The reaction of Armenian historians was fierce. They argued that Buniyatov’s theory was not supported by any historical evidence, particularly his claims concerning the borders of Caucasian Albania and history of Armenian-Albanian relations. Buniyatov was also criticized by American scholar Robert Hewsen, who also discovered that Buniyatov had plagiarized some of his work. However, Buniyatov and his followers continued developing their theories. Thus, Buniyatov’s ideas about “Caucasian Albanians” were further developed by another Azerbaijani historian, Farida Mamedova, whose doctoral dissertation, “Political History and Historical Geography of Caucasian Albania” was published in 1986. Mamedova reproduced Buniyatov’s theory about “forced assimilation” of Caucasian Albanians, and even took it further. For example, claiming that Albanian “identity” had been preserved among “Armenianized Albanians” of Artsakh till the 18-19th centuries, even though she admitted that their language was Armenian. The row that followed, with Armenian historians criticizing Mamedova and Azerbaijani historians supporting her, had been developing during the late 1980s, a time when conflict was no longer confined to the realm of “memory wars.”

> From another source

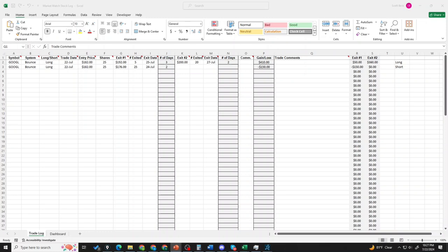We use our trade journal for anything noteworthy, anything where we say I want to learn from my results. I want to make sure that next time I do this, I do it better.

Obviously, today these debates may seem a minor footnote in the history of the conflict. But at the time, these fierce debates were a sign that something was happening. Obviously, I am very far from claiming that disagreements about medieval history were among the primary causes of the conflict. But today, with the benefit of hindsight, it is easy to see that these debates were one of the symptoms of the serious contradictions that were developing beneath the facade of “socialist internationalism.”
We can see how the Soviet policy of promoting nation-building in individual republics, while repressing open manifestations of nationalism, did not help to solve these contradictions, but rather made the situation worse, radicalizing both sides and leaving little space for constructive discussion. Obviously, many questions remain. Was there a chance for the political leaders of the time to recognize the dangerous trends and deal with them before things got out of control? Could these contradictions have been dealt with before they exploded into violent conflict? Where was the point of no return after which there could be no compromise? Probably, we shall never know the answers to these questions.